** Opening DATA SUPPLIED block **

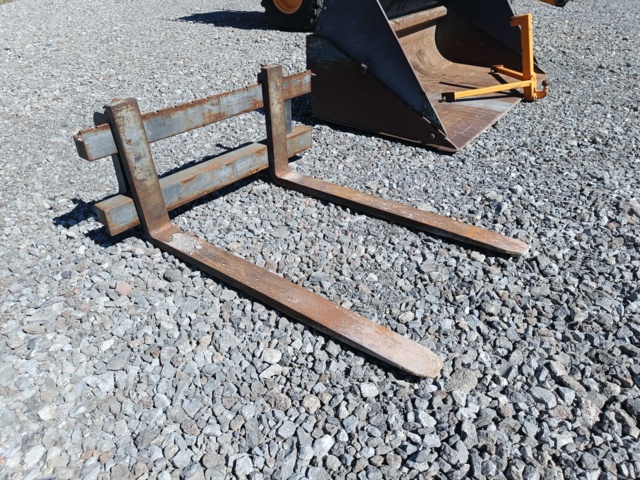 889103-120 Wheel loader JCB 407B ZX -2003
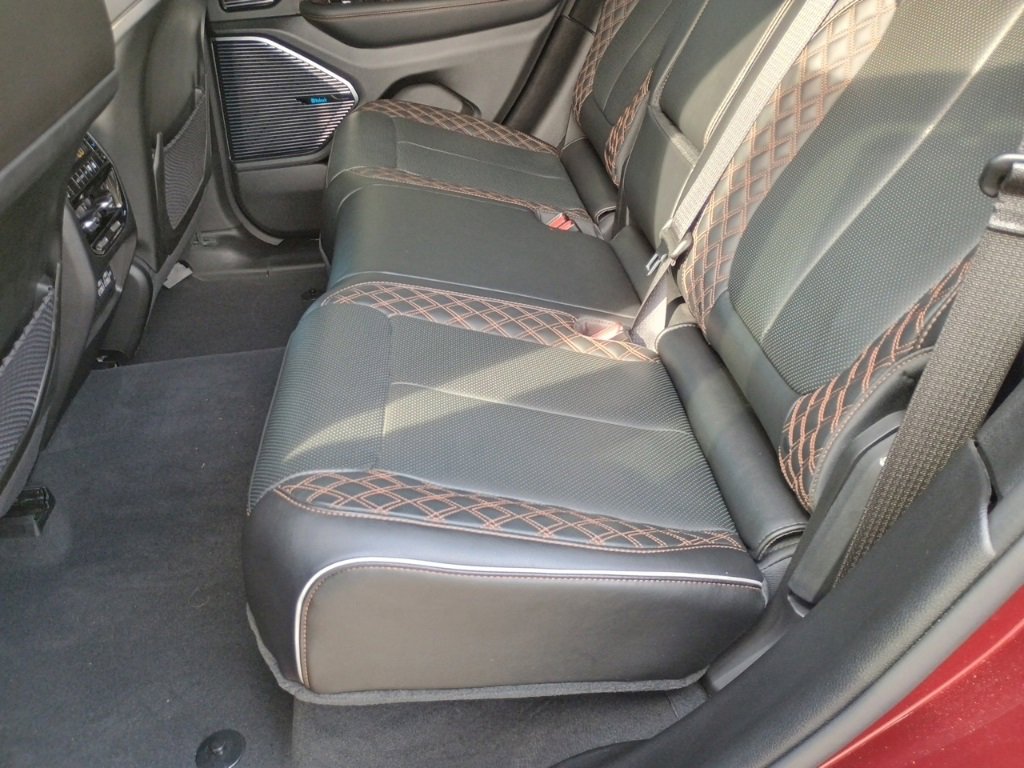 Used 2022 Jeep Grand Cherokee Summit w/ Advanced Protech Group IV image 16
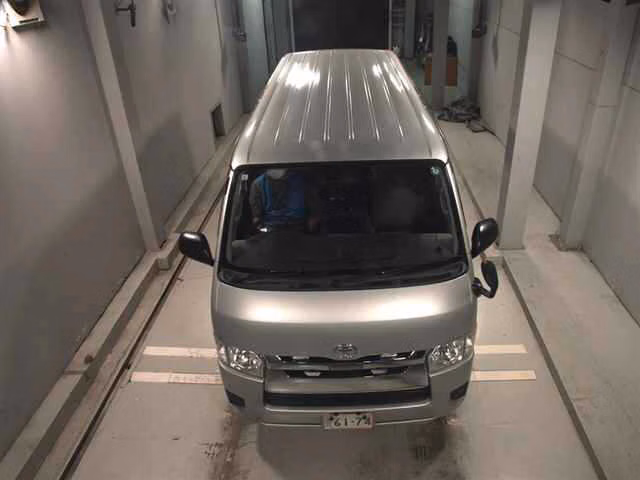 TOYOTA REGIUS ACE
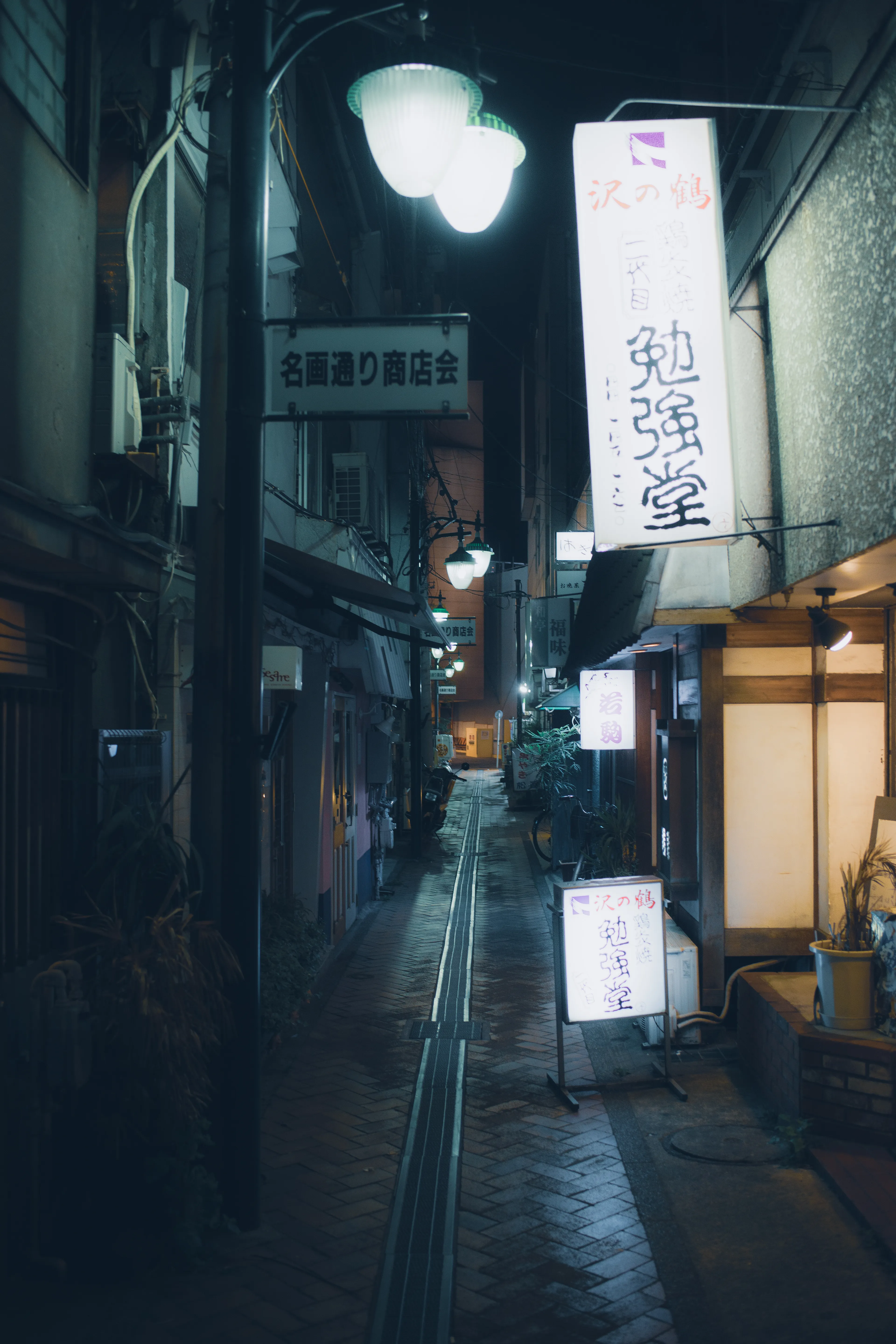 Wabi-sabi is a Japanese word that roughly translates to "beauty in imperfection", an aesthetic present in all shapes across Japan, and not just in arts. Beauty awaits at every corner when strolling the streets of Tokyo – if one knows where to look!

In this collection, I wish to share some of the beauty I found in unexpected places.

Resolution 4000*6000px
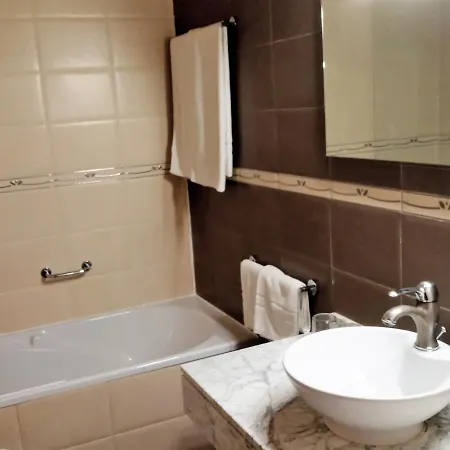 Muralleta Hotel 3*
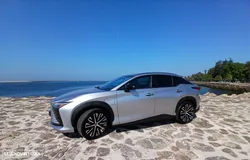 Lexus RZ 300e Premium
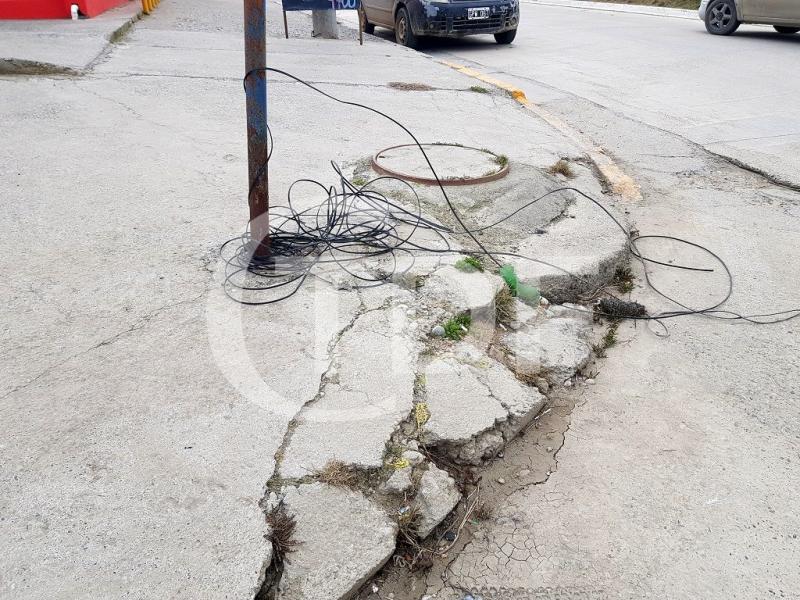 La situacin es grave ya que los tcnicos de la empresa TV Fuego, que prestan servicios para la empresa Telefnica-Movistar, tienen orden de no retirar los cables areos que son reemplazados.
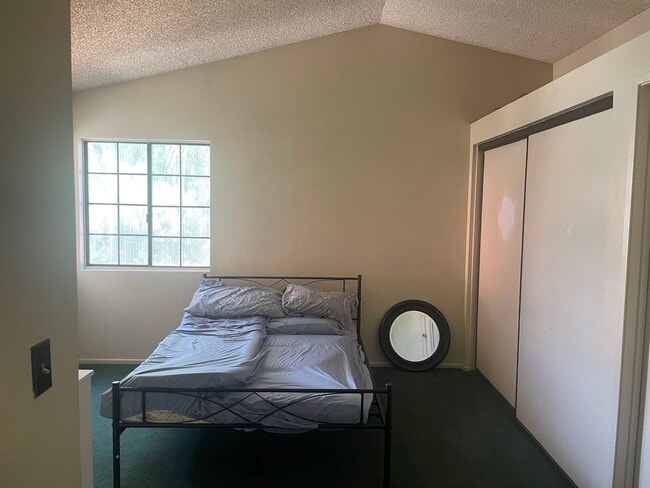 27171 Denali Peak Rd in Menifee, CA - Foto de edificio - Building Photo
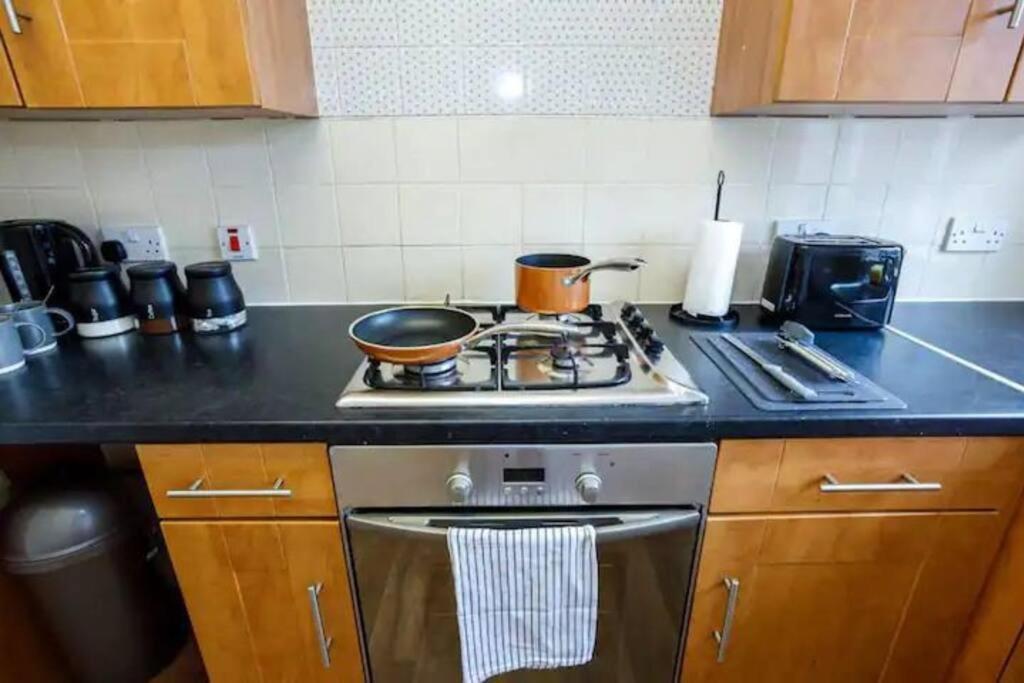 Apartment *new*quiet Apt 13min To Ao Arena,free Parking Manchester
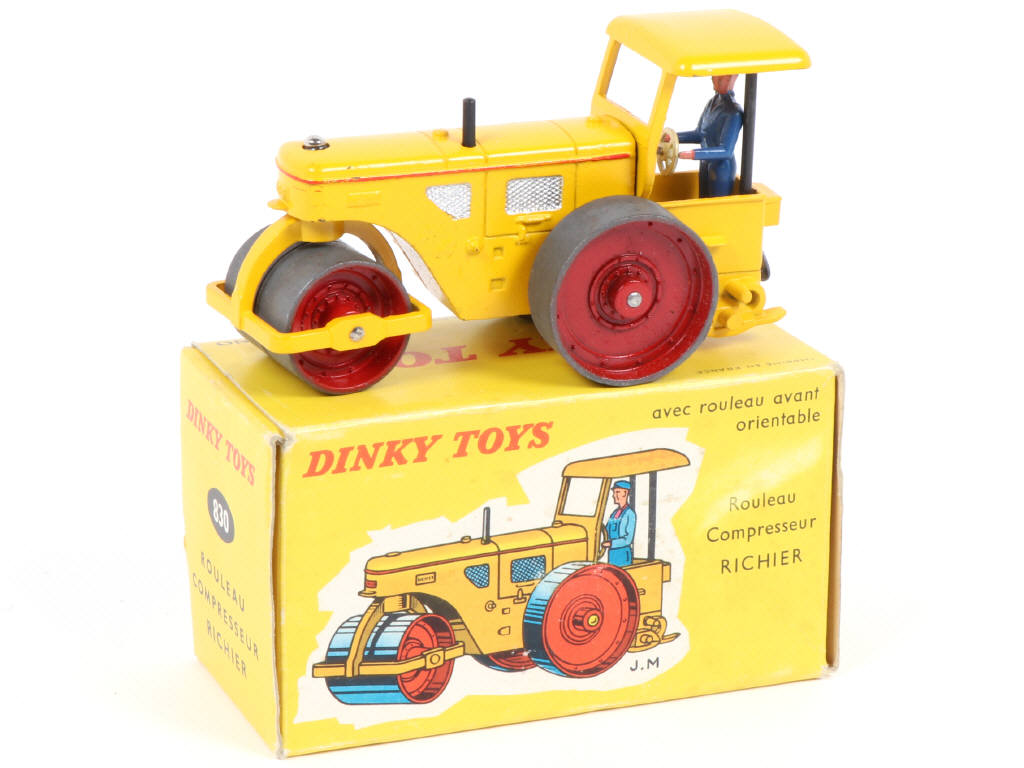Lot 418 - DINKY TOYS (FRANCE) (1)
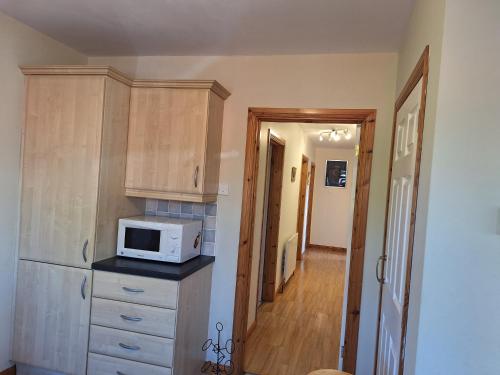 Beautiful Lakeside Holiday Home (6 Portinode Cottages) in Kesh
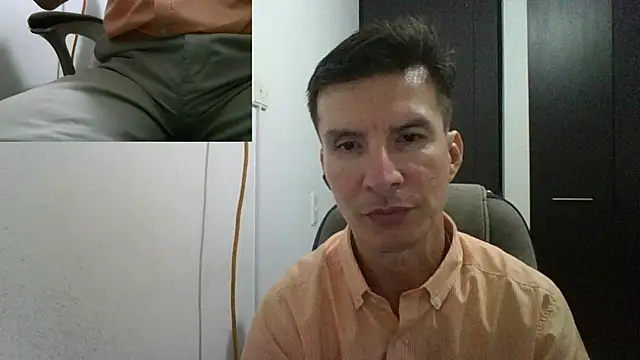 Snapshot of fieryloves chatting on 12.21.24 fieryloves online show from 12.21.24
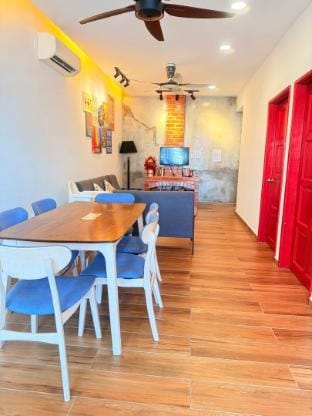 15pax 8min walk 2 JonkerStreet Vacation rental in Malacca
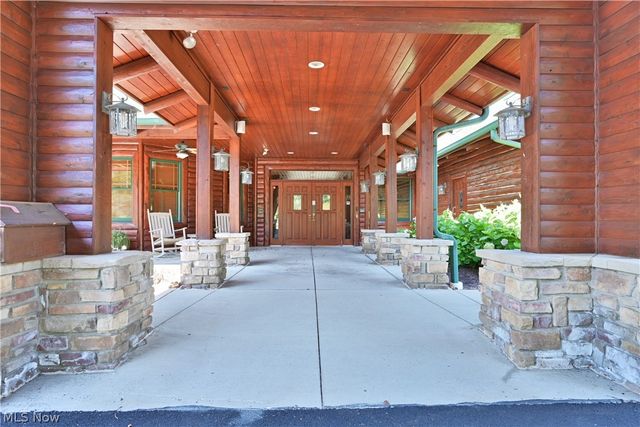 1936 Pembrooke Lane, Avon, OH 44011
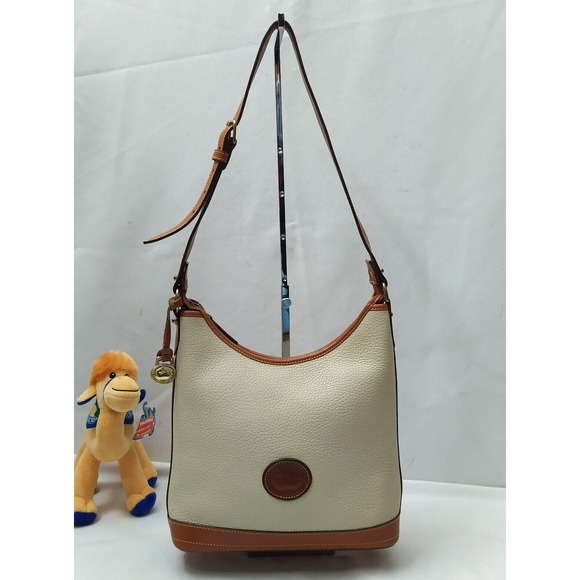 Dooney & Bourke Ivory Pebbled Leather Zipper Shoulder Bag - Vintage Made in USA - Picture 1 of 16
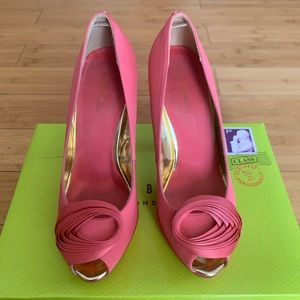 Ted Baker Naidaa Satin Pump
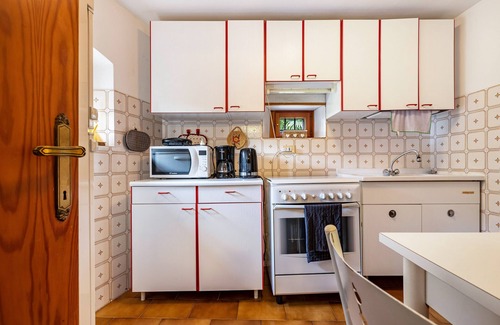 Vesio Apartment | Apartment 'Casa Luisa' with Mountain View, Shared Garden and Wi-Fi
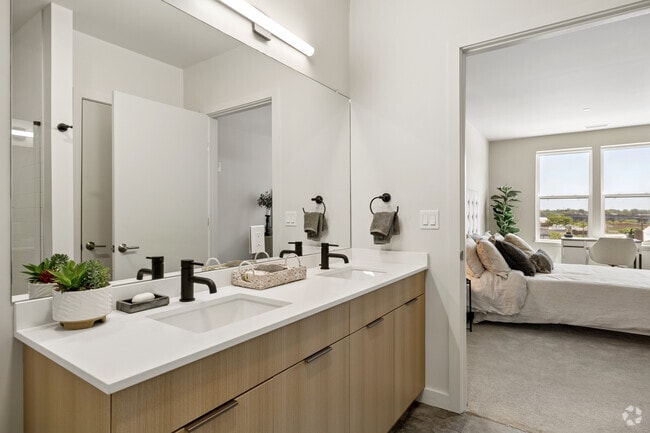 2BR, 2BA - 1,224SF - Primary Bathroom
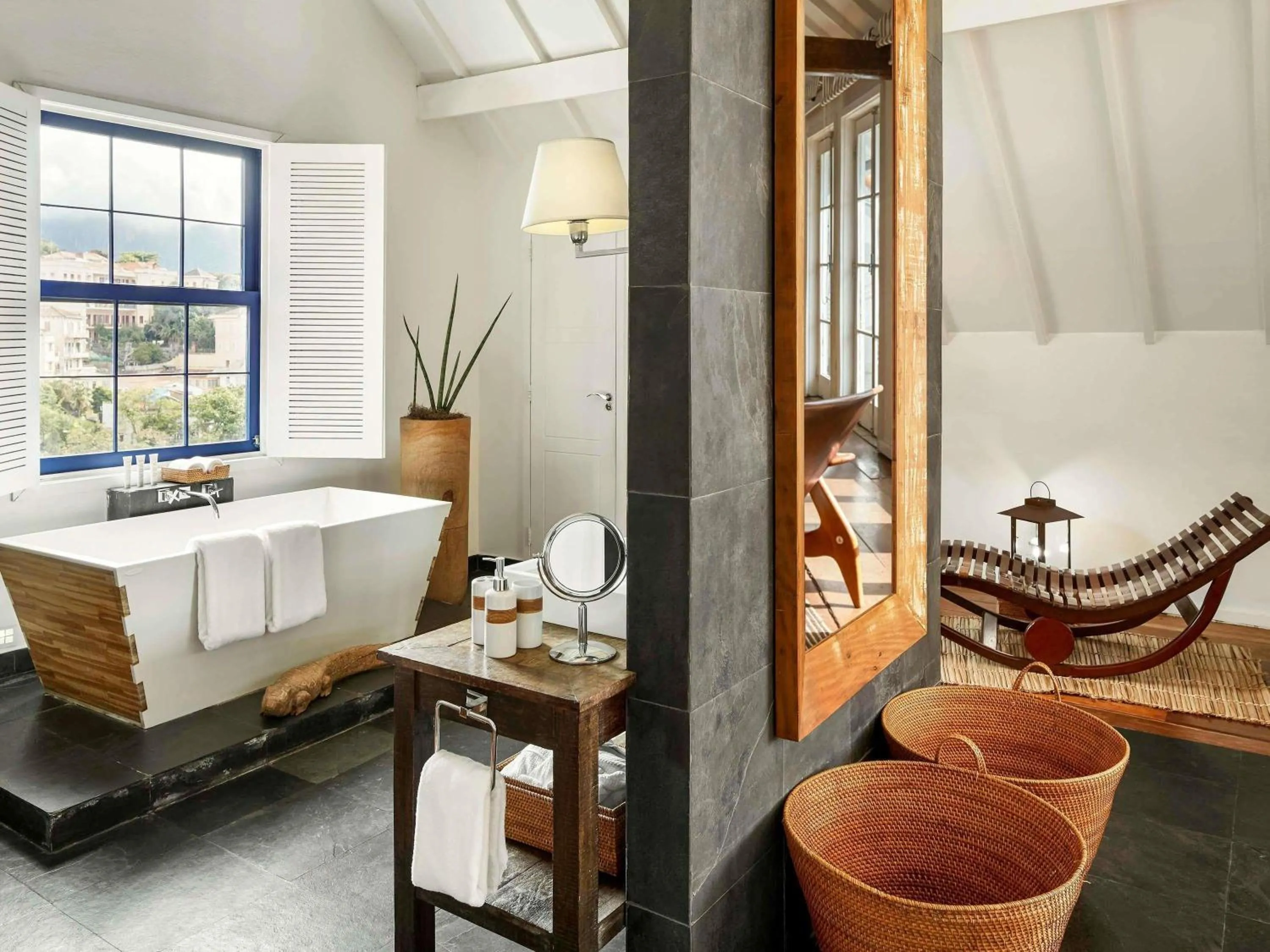 Property building, Bed in Santa Teresa Hotel Rio de Janeiro - MGallery Collection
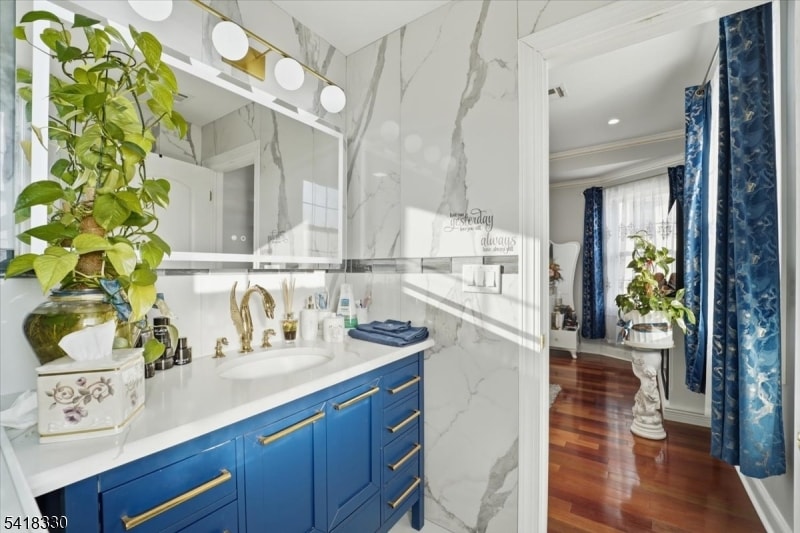 60 Stewart Ave image 35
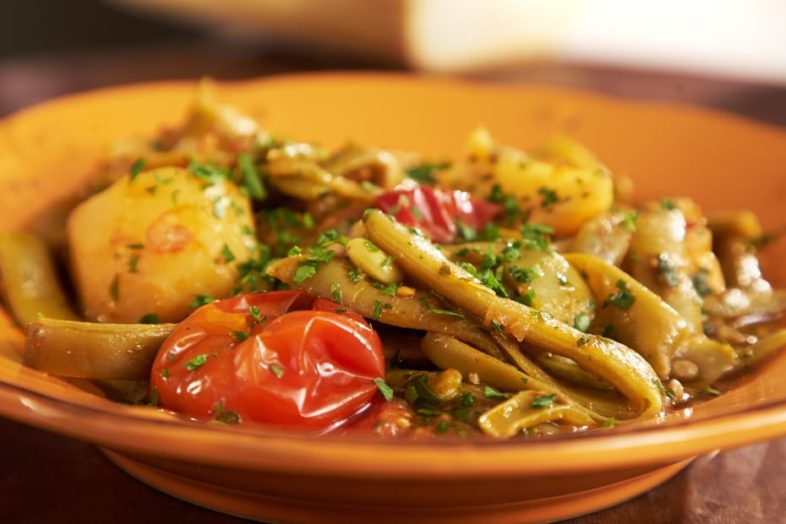 Fasolakia Yiahni (Green Beans in Tomato Sauce) Mediterranean Diet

** Closing DATA SUPPLIED block **

* [TASK DETAILS]: Transcribe the records in full and exactly. Pictures stay out.

* [PROBLEM SOLUTION]:
 889103-120 Wheel loader JCB 407B ZX -2003
 Used 2022 Jeep Grand Cherokee Summit w/ Advanced Protech Group IV image 16
 TOYOTA REGIUS ACE
 Wabi-sabi is a Japanese word that roughly translates to "beauty in imperfection", an aesthetic present in all shapes across Japan, and not just in arts. Beauty awaits at every corner when strolling the streets of Tokyo – if one knows where to look!

In this collection, I wish to share some of the beauty I found in unexpected places.

Resolution 4000*6000px
 Muralleta Hotel 3*
 Lexus RZ 300e Premium
 La situacin es grave ya que los tcnicos de la empresa TV Fuego, que prestan servicios para la empresa Telefnica-Movistar, tienen orden de no retirar los cables areos que son reemplazados.
 27171 Denali Peak Rd in Menifee, CA - Foto de edificio - Building Photo
 Apartment *new*quiet Apt 13min To Ao Arena,free Parking Manchester
Lot 418 - DINKY TOYS (FRANCE) (1)
 Beautiful Lakeside Holiday Home (6 Portinode Cottages) in Kesh
 Snapshot of fieryloves chatting on 12.21.24 fieryloves online show from 12.21.24
 15pax 8min walk 2 JonkerStreet Vacation rental in Malacca
 1936 Pembrooke Lane, Avon, OH 44011
 Dooney & Bourke Ivory Pebbled Leather Zipper Shoulder Bag - Vintage Made in USA - Picture 1 of 16
 Ted Baker Naidaa Satin Pump
 Vesio Apartment | Apartment 'Casa Luisa' with Mountain View, Shared Garden and Wi-Fi
 2BR, 2BA - 1,224SF - Primary Bathroom
 Property building, Bed in Santa Teresa Hotel Rio de Janeiro - MGallery Collection
 60 Stewart Ave image 35
 Fasolakia Yiahni (Green Beans in Tomato Sauce) Mediterranean Diet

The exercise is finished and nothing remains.